Today I picked up my dad’s ashes—or “cremains” as they’re known to the bereavement industry—from the funeral home here on the Vineyard. The biodegradable cotton urn was packed in a small burgundy tote bag, suitable for small grocery runs, I expect.
I first placed the ashes on the floor behind the passenger seat, but as I began to drive with my “dad” in the back, I suddenly felt like a chauffeur. Too impersonal. Too formal for the humble man. I stopped the car (a red, 1999 Izuzu with”CLIFRD” plates and a tiny stuffed Clifford hanging from the rearview mirror) and swung the bag around to rest on the passenger seat beside me.
Patting the sack I proclaimed “let’s go, daddy-O,” and drove off, employing the term of endearment I used most frequently in these last few months with my dad.

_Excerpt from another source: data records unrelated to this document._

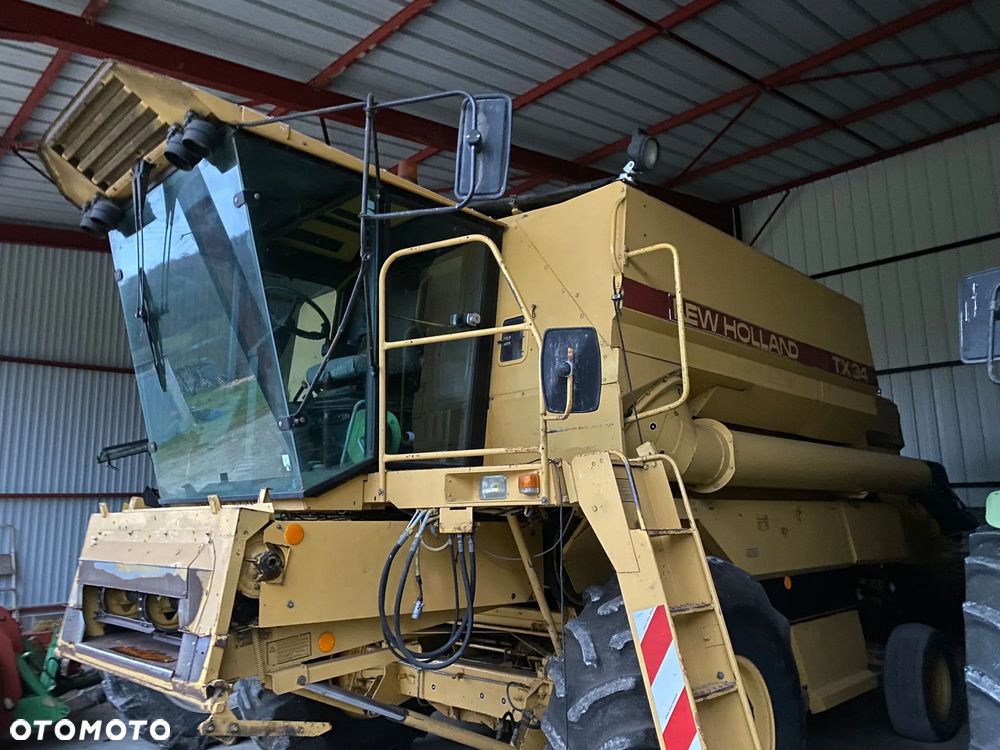 New Holland TX 34.36 - 9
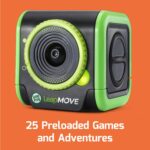 LeapFrog LeapMove Active Learning Video Game System (English Version) - Image 3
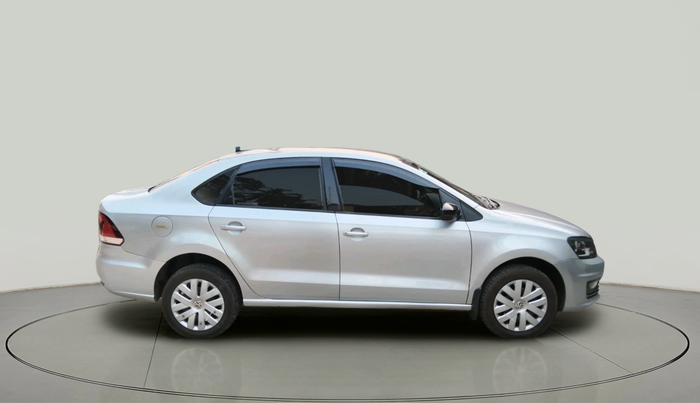 2018 Volkswagen Vento COMFORTLINE DIESEL 1.5, Diesel, Manual, 49,734 km, exterior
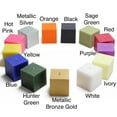 thumbnail image 2 of Zest Candle CPZ-129-12 3 x 3 in. Yellow Square Pillar Candles -12pcs-Case- Bulk, 2 of 5
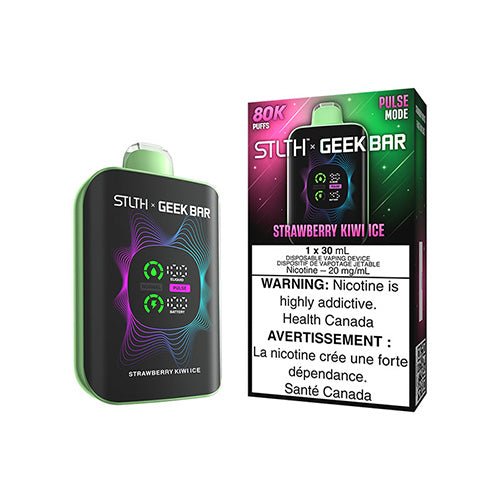 STLTH x Geek Bar Rechargeable Disposable - Disposables - Canada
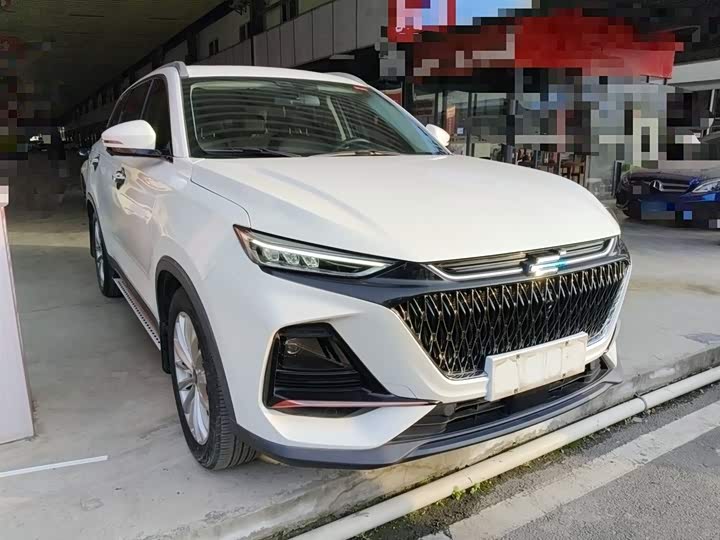 Changan Oshan X7 Plus 2022 2022款 1.5T 蓝鲸版自动尊贵型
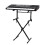 Keyboard Stand Extension with Double Braced Legs 1 Set 5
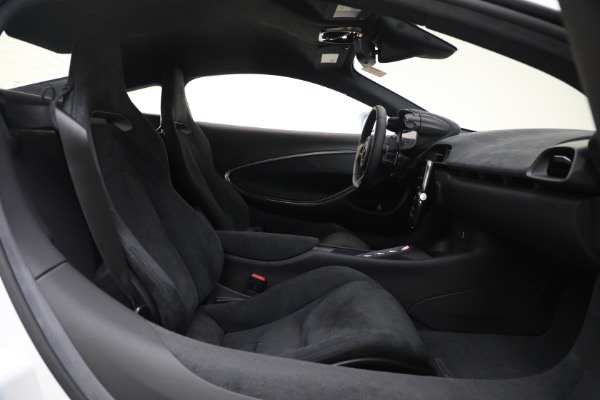 New 2023 McLaren Artura for sale Call for price at Bentley Greenwich in Greenwich CT 06830 27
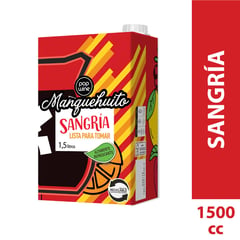 MANQUEHUITO - Sangría 1.5 Lt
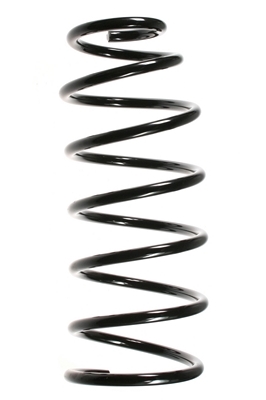 SPIDAN Fjeder 48631 foraksel for VW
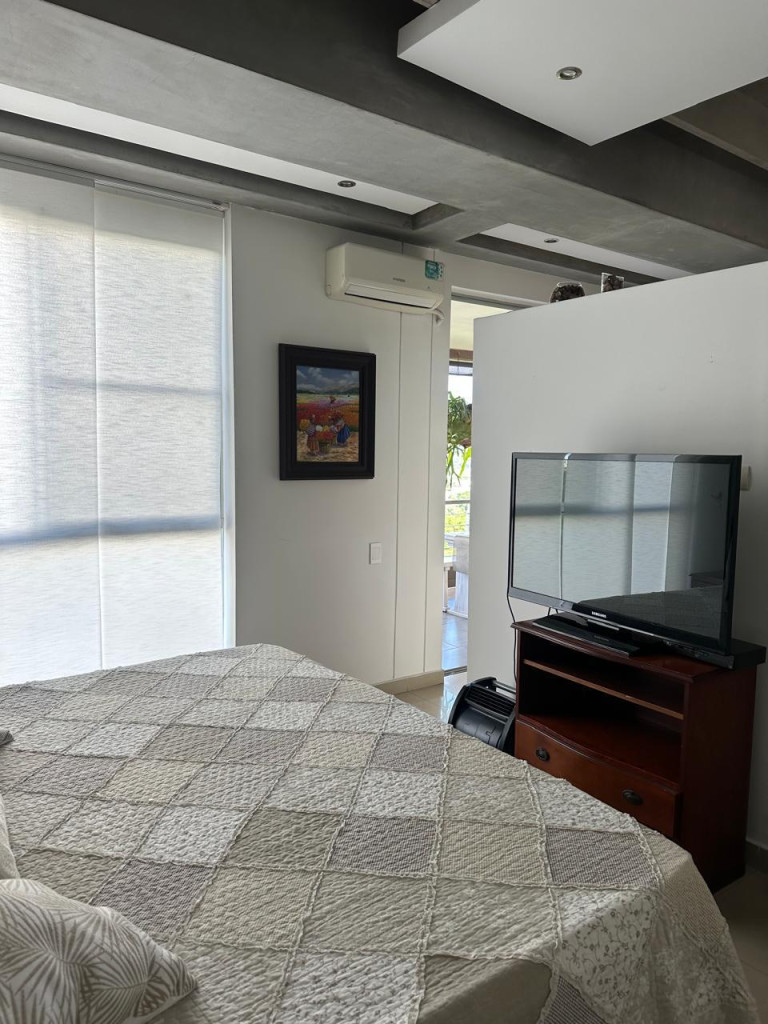 Apartaestudio En Arriendo - Santa Isabel, Cali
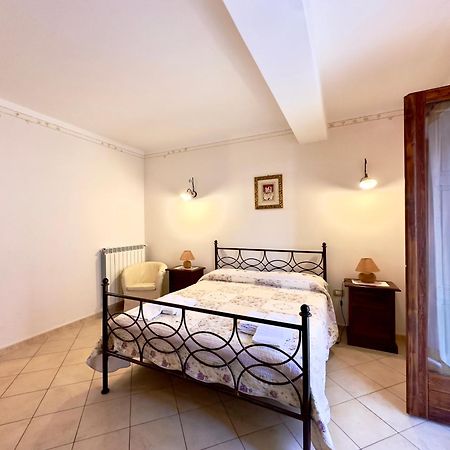 Bed and Breakfast Il Ritrovo Delle Volpi Agerola Exterior foto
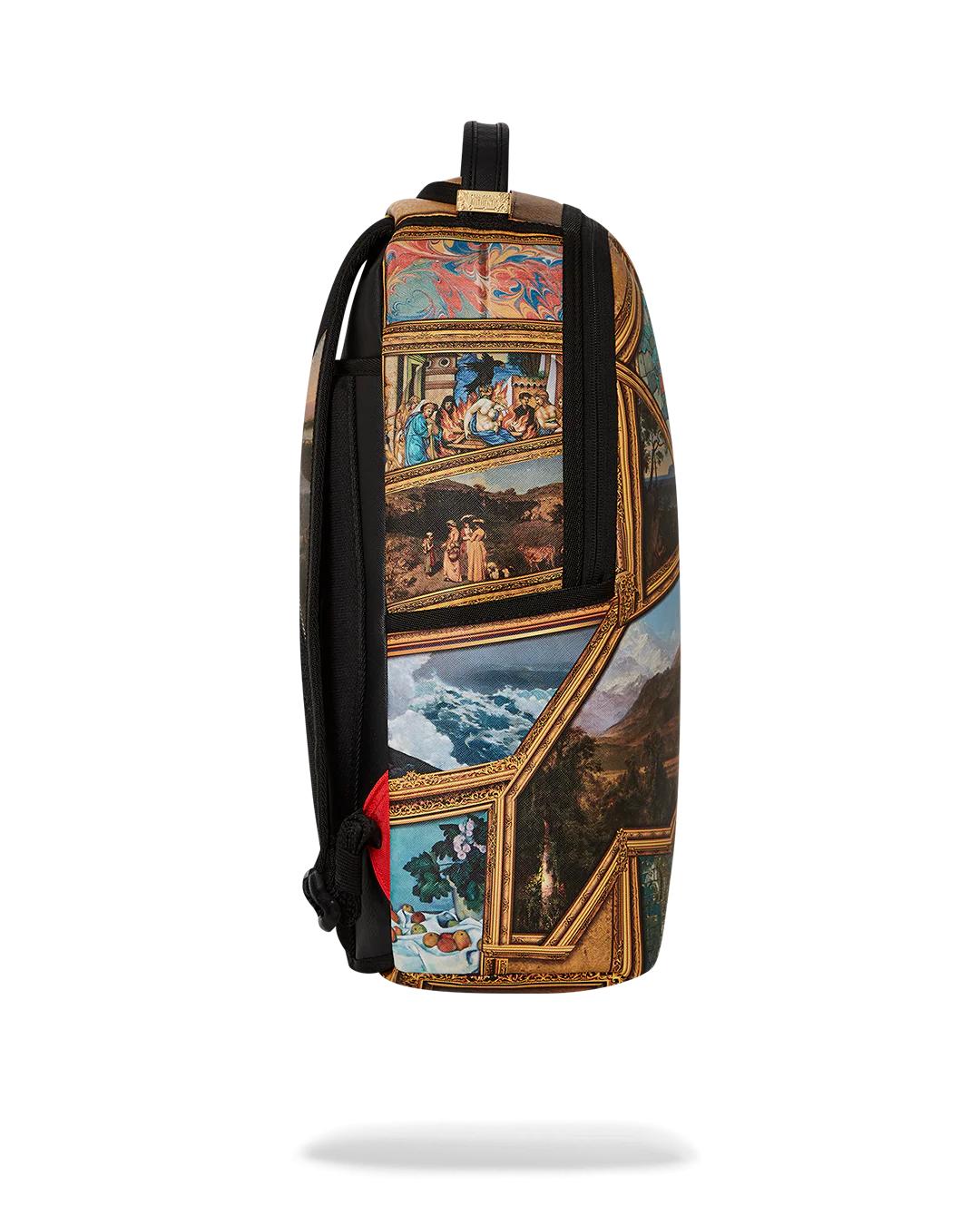 THE MET MASTERPIECES BACKPACK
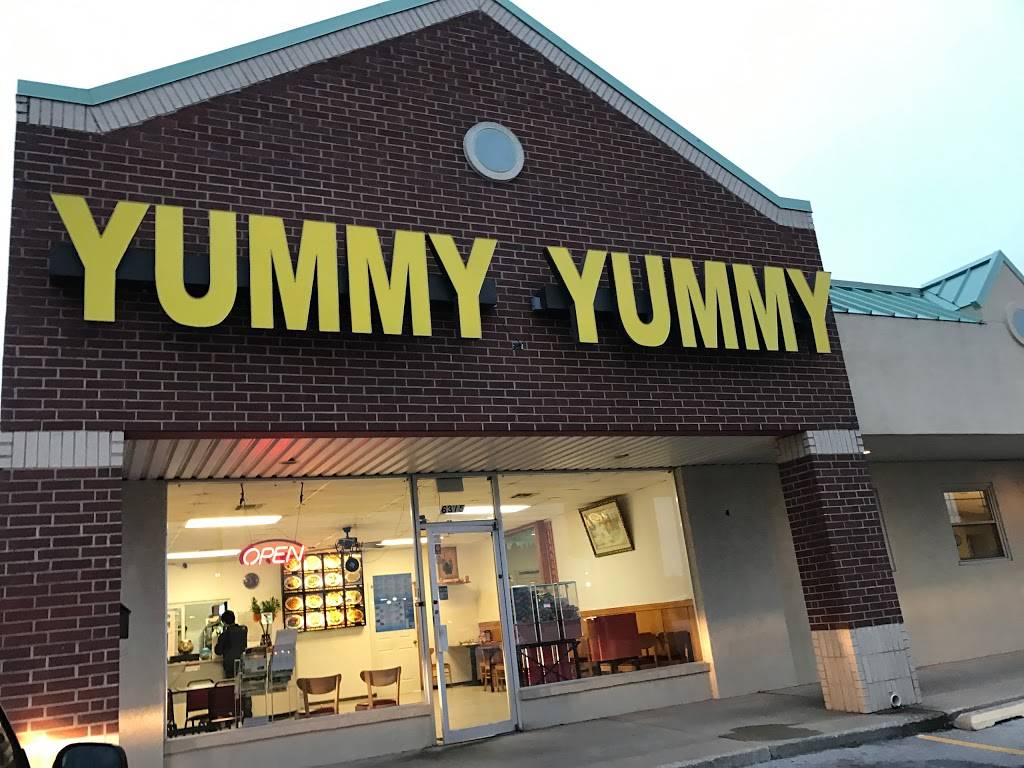YummyYummy????TopChineseFood2019 | meal delivery | 6315 N Meridian Ave, Oklahoma City, OK 73112, USA | 4057222881 OR +1 405-722-2881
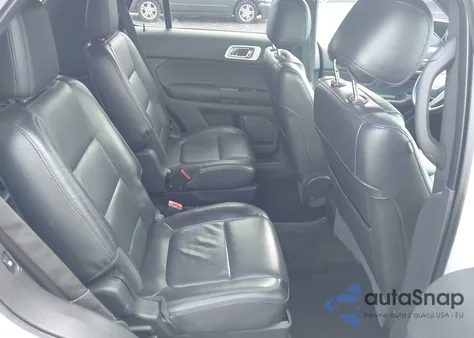 2013 Ford Explorer Limited from USA, damaged, VIN 1FM5K8F80DGB02256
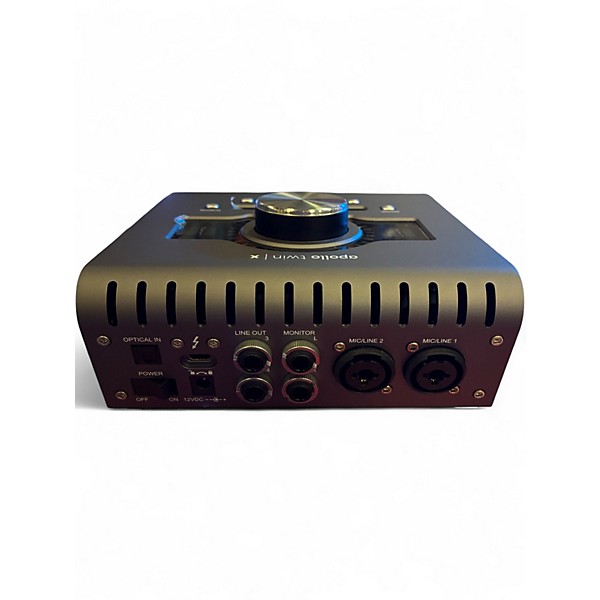 Used Apollo TWIN X HERITAGE EDITION Audio Interface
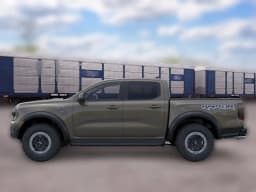 Ford Ranger Raptor 4WD SuperCrew 5' Box 2026 — side view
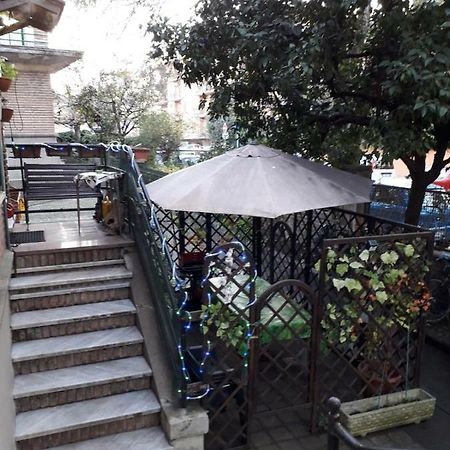B&B Garbatella Rom Exterior foto
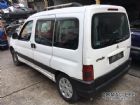 Citroen Berlingo Sürgülü Kapı Sol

I put dad’s ashes under the tree until his interment ceremony, a few days after Christmas.
Until then I make my daily trips to the Edgartown post office, bringing home stacks of cards. If they are addressed to my mother, they are condolences; if they have my dad’s name, they are Christmas cards; if addressed to the “Bridwell Family” there’s about a 70% chance it’s a condolence card.
Even without his ashes here, there would be no doubting his presence in the house. Our lovely Christmas spirit.